That’s the macro picture. My focus this week in on the way in which following a Buy-and-Hold strategy causes investors over time to keep themselves in the dark re lots of micro issues as well.

My interest in the flaws of the Buy-and-Hold strategy began when I pointed out to a discussion-board community that the Buy-and-Hold retirement studies do not contain valuation adjustments and thus get the numbers wrong (Robert Shiller published peer-reviewed research in 1981 showing that valuations affect long-term returns). A number of years back, I developed the first retirement-planning calculator (“The Retirement Risk Evaluation”) that takes into consideration the valuation level that applies on the day the retirement begins. It of course generates numbers very different from the numbers generated by the Buy-and-Hold calculators. For example, the safe withdrawal rate was 1.6 percent at the top of the bubble according to my calculator while it is always 4 percent according to the Buy-and-Hold retirement calculators.

When I was developing the retirement calculator, it occurred to me that it would be helpful for investors using it for me to include some features not included in the Buy-and-Hold calculators. My calculator permits investors to examine how the safe withdrawal rate changes in response to a lowering of the stock allocation. It permits investors to compare the safe withdrawal rate obtained by investing in stocks with the safe withdrawal rate obtained by investing in super-safe asset classes like Treasury Inflation-Protected Securities (TIPS). It permits investors to examine how much of a difference it makes to plan a retirement that is sure to have at least one dollar remaining in the portfolio at the end of 30 years (this is the assumption used in the Buy-and-Hold studies and calculators) versus one that is sure to have 50 percent (or some other percentage) of the starting-point portfolio amount remaining.

The questions examined in my calculator but ignored in the Buy-and-Hold calculators are important strategic questions. It amazes me that they have not been studied in depth for years. I have come to the conclusion that the reason why we have as a society held back for many years examining many important strategic investing questions is that our belief in the core tenets of Buy-and-Hold has put us in a frame of mind in which examining these questions seems pointless or even troubling.
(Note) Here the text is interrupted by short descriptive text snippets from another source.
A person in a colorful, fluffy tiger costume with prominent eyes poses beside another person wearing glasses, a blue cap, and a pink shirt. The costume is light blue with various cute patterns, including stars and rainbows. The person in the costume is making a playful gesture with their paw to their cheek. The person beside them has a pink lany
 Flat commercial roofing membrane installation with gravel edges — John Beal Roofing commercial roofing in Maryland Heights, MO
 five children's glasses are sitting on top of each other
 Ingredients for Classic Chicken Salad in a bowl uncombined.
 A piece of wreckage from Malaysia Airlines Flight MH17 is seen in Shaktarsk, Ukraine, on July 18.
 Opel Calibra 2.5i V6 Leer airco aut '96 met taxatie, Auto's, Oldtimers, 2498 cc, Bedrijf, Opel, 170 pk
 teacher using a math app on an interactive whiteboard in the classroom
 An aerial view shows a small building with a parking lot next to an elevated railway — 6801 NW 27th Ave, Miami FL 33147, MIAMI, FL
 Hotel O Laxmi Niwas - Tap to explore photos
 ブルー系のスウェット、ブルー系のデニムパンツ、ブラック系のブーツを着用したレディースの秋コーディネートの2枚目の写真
Take the question of whether an aspiring retiree should look for what withdrawal rate works using an assumption that his portfolio will at the end of 30 years have $1 remaining or will retain 20 percent of its original value or 50 percent of its original value or 100 percent of its original value. My calculator permits the investor to examine each of these possibilities. The safe withdrawal rate obviously becomes a lower number for a retiree seeking to retain 100 percent of portfolio value than it would be for a retiree seeking to retain only $1 (this is the assumption used in the Buy-and-Hold calculators). For those who retired at the top of the bubble and going with an 80 percent stock allocation, the number drops from 2 percent to 1.1 percent.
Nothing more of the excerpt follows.